Feliz a hora em que me recomendaram a leitura deste livro, no clube de leitura do PNL. Foi assim que descobri o autor e esta belíssima e surpreendente narrativa. Provavelmente ter-me-ia escapado, como me escapou até à data, e, agora, depois de o ler, confesso que seria uma lacuna literária imperdoável.

O Deserto dos Tártaros foi publicado pela primeira vez em 1940, na Itália, durante a Segunda Guerra Mundial. É considerada a obra mais importante de Buzzati e integra a extensa lista dos clássicos da literatura mundial.
Narra a história de Giovanni Drogo promovido a oficial. O jovem tenente é destacado para a Fortaleza Bastiani localizada na fronteira com um deserto. Lugar isolado e inóspito, sem acção, sem guerra, que apenas promove uma vida entediante, rotineira, porém ditada pela burocracia e por protocolos completamente anacrónicos.

Drogo de início pensou desistir e abandonar a Fortaleza, mas algo de inexplicável aconteceu assim que avistou o edifício e a paisagem envolvente e acabou por ficar…
“Todavia, como na tarde anterior do fundo do desfiladeiro, Drogo olhava-a [a fortaleza] hipnotizado, e uma inexplicável agitação penetrava-lhe no coração.” (p. 22)
Não vou revelar mais nada sobre a vida do protagonista na fortaleza, pois tiraria todo o encanto da descoberta da leitura. Posso, contudo, acrescentar que “ justamente naquela noite principiava para ele a irremediável fuga do tempo (…) Sentira o pulsar do tempo a marcar avidamente o compasso da vida.” (pp. 52-53)
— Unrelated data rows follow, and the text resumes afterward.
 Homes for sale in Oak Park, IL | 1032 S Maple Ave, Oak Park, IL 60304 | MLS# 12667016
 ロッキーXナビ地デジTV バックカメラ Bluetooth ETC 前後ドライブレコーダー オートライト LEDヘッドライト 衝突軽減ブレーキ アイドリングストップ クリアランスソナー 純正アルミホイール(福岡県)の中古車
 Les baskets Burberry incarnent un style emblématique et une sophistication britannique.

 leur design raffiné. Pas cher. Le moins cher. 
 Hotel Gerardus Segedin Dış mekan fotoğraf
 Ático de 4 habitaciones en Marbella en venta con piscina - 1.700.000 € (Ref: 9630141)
Todo o oficial que é enviado para este lugar tem o sonho, o desejo, de alcançar a glória numa batalha, a “esperança de coisas nobres e grandiosas”, mas o narrador omnisciente vai fornecendo indícios, presságios ao longo da narrativa e cedo percebemos que tal poderá não acontecer. Mas a dúvida persiste no leitor e este jogo é magnificamente conduzido ao longo do texto.
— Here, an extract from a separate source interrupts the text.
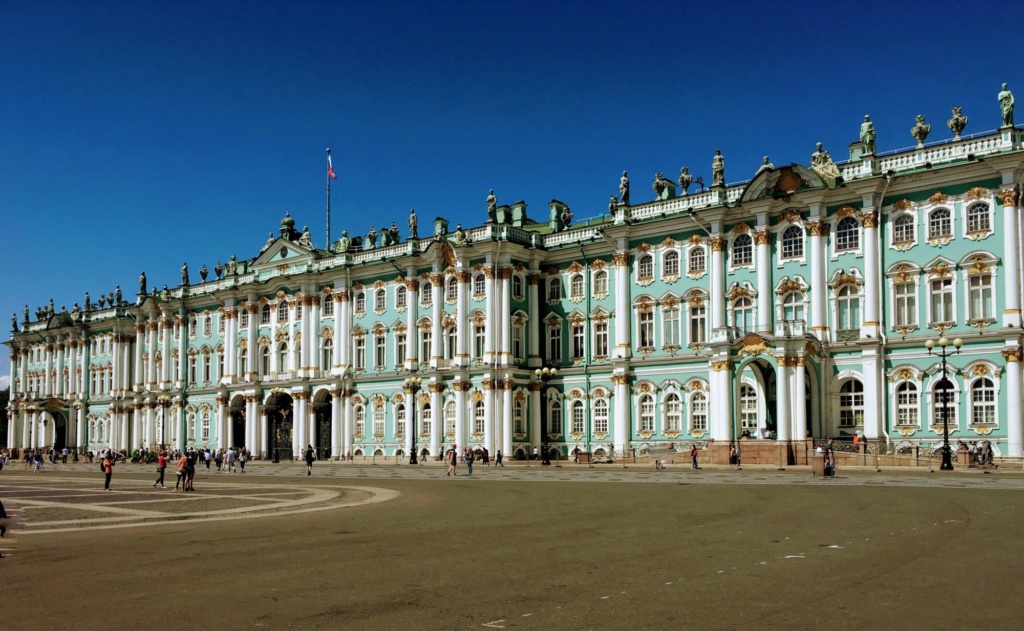 St Petersburg Travel Guid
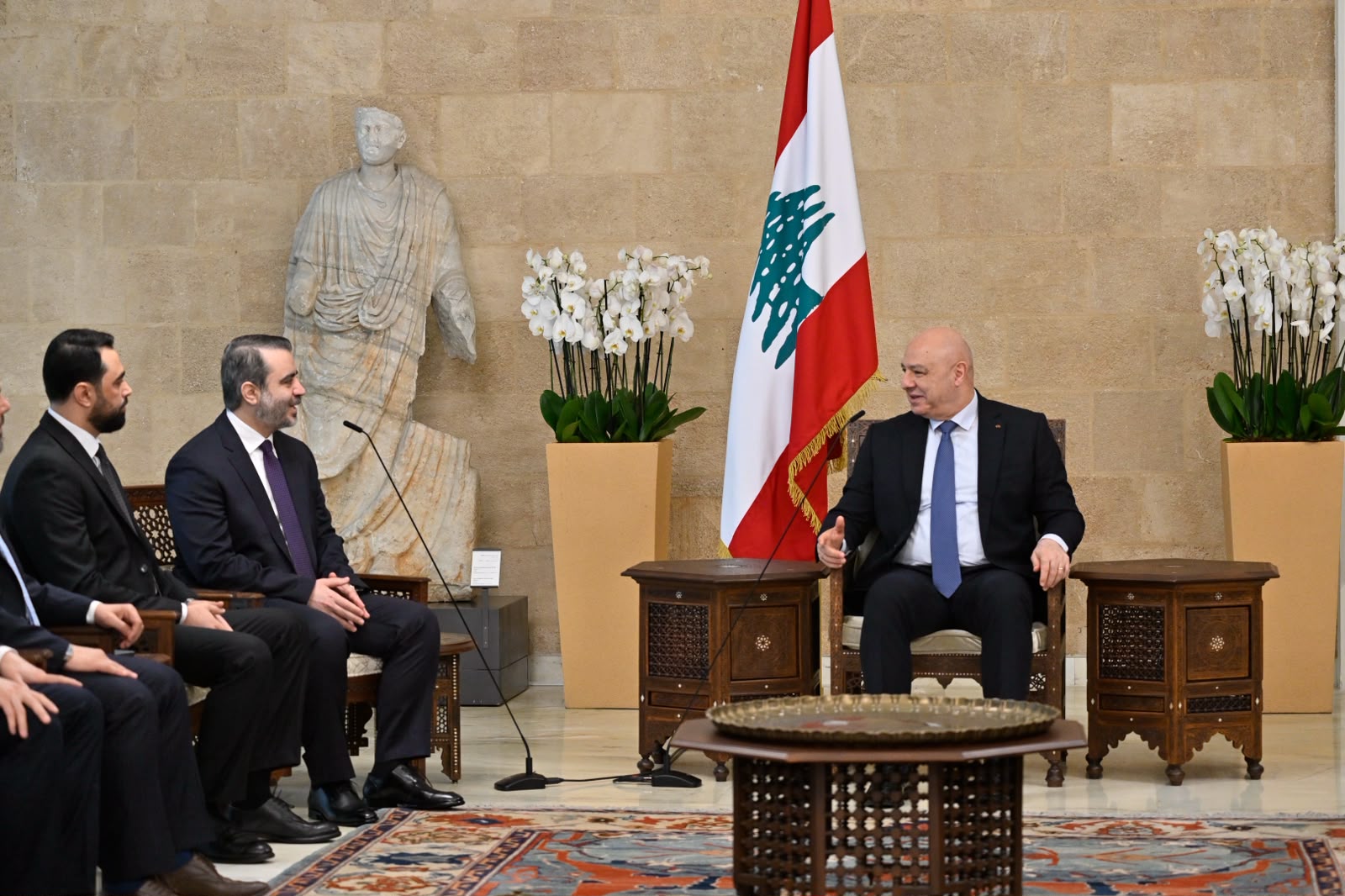 لقاء وزير الخارجية السوري أسعد الشيباني والوفد المرافق مع رئيس الجمهورية اللبنانية جوزف عون في قصر بعبدا (تصوير حسام شبارو).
Acompanhamos o tédio, o torpor, a apatia, a inércia perante uma tomada de decisão, a infelicidade, mas também a vaidade militar, o “prazer das regras de serviço”, o prazer da solidão, o hábito de uma vida acomodada e rotineira e as emoções sentidas perante a beleza das “negras voragens do vale”, das montanhas cobertas de neve, dos ecos das cornetas, das luzes do crepúsculo, …

Tal como no mito de Sísifo onde “o homem vive sua existência em busca de sua essência, do seu sentido, e encontra um mundo desconexo, ininteligível”, aqui, na narrativa os homens preparam-se diariamente para uma batalha que nunca acontecerá, para a glória que nunca conhecerão. “A glória é a moeda mais inútil, vã e falsa em uso entre nós.“ (Montaigne)

É o absurdo! E assim, o tempo passa, e passa e “a vida da Fortaleza devorava os dias, um após outro, todos semelhantes, a uma velocidade vertiginosa.” (p. 75)
É um livro sobre a fugacidade do tempo, sobre decisões, sobre oportunidades perdidas e sobretudo sobre o conformismo, e, apesar de tudo, também sobre a esperança.
É um livro que levanta muitas questões, que nos faz reflectir sobre o sentido da vida, sobre as decisões que tomamos, ou não, ao longo da nossa existência.

Recomendo vivamente!

 

01 maio, 2022

Dia da MÃE!



“Conheço a tua força, mãe, e a tua fragilidade.
Uma e outra têm a tua coragem, o teu alento vital.
Estou contigo mãe, no teu sonho permanente na tua esperança incerta
Estou contigo na tua simplicidade e nos teus gestos generosos.”